Segment Open
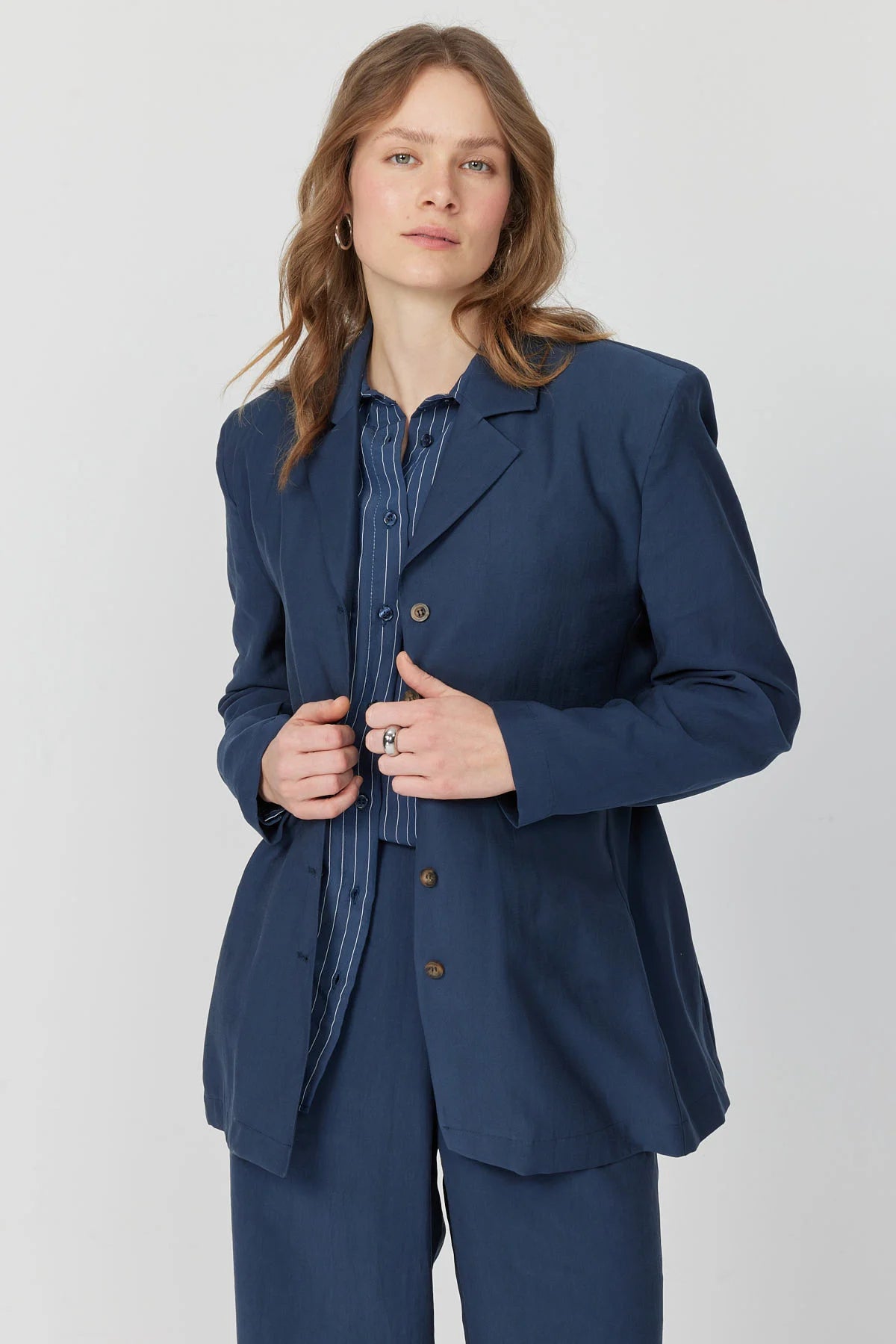 جاكيت نسائي بتفاصيل ربطة عنق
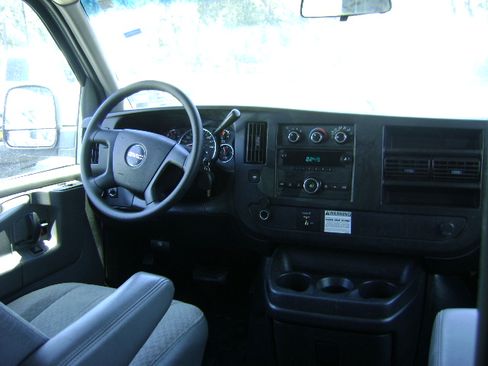 Used 2009 GMC Savana 3500 LS RWD image 8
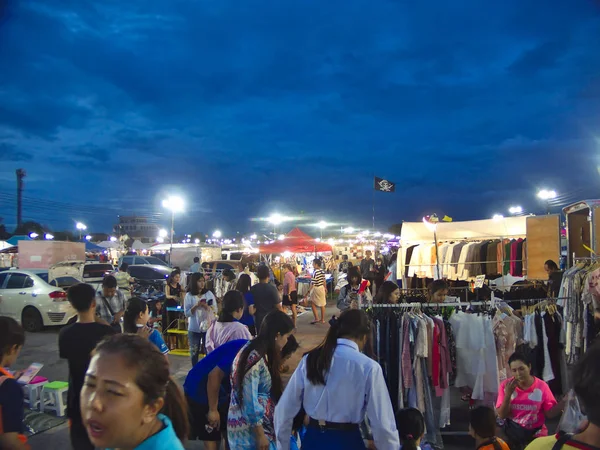 Nakhon Ratchasima salvar um bazar noturno. — Fotografia de Stock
Segment Closed
Task statement: Leaving out all pictures, transcribe the listing exactly.

Response to this exercise:
 جاكيت نسائي بتفاصيل ربطة عنق
 Used 2009 GMC Savana 3500 LS RWD image 8
 Nakhon Ratchasima salvar um bazar noturno. — Fotografia de Stock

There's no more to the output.